Ritter put together our collective weight and our high fat diets and asked, “Is there a connection?” If we eat a high fat diet, does our body lose its ability to become satiated by fat?
For rats, the answer appears to be “yes.” Mihai Covasa, a research assistant professor in Ritter’s lab, has found that after rats adapt to a high fat diet, fat has only half its usual ability to make the rats feel satiated. Scientists in England have found a similar effect in humans.
While the mechanism for this change is not yet known, it may involve a molecule Ritter has worked with for much of his scientific career, cholecystokinin or CCK. CCK is a hormone that is released from cells in the small intestine in response to the presence of fat or protein. It activates sensory nerves that connect the gut with the brain and ultimately results in a reduction of the amount of food eaten at the meal currently being consumed.
Covasa has found that the rats on the high fat diet secrete ample CCK, but their brains do not respond to it as well as the brains of rats on low fat diets. He and Ritter also have found that the rats on the high fat diets have a normal response to sugar in the diet, suggesting that specific controls relating to fat are involved in the change. Future experiments should explain how this happens as well as how other processes are involved in the decreased response to dietary fat.
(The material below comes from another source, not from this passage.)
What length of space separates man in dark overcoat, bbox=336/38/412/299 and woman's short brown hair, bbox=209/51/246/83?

But one of Ritter and Covasa’s most interesting results, though still preliminary, suggests that if the rats eat a high fat diet that is also high in fiber, they do not gain weight. If they eat a high fat diet that is low in fiber, they gain weight.
The bottom line may be that what we already know is true: We’re more likely to do well if we eat a varied diet. This translates into eating a diet that can turn on a variety of signals that tell us it’s time to stop.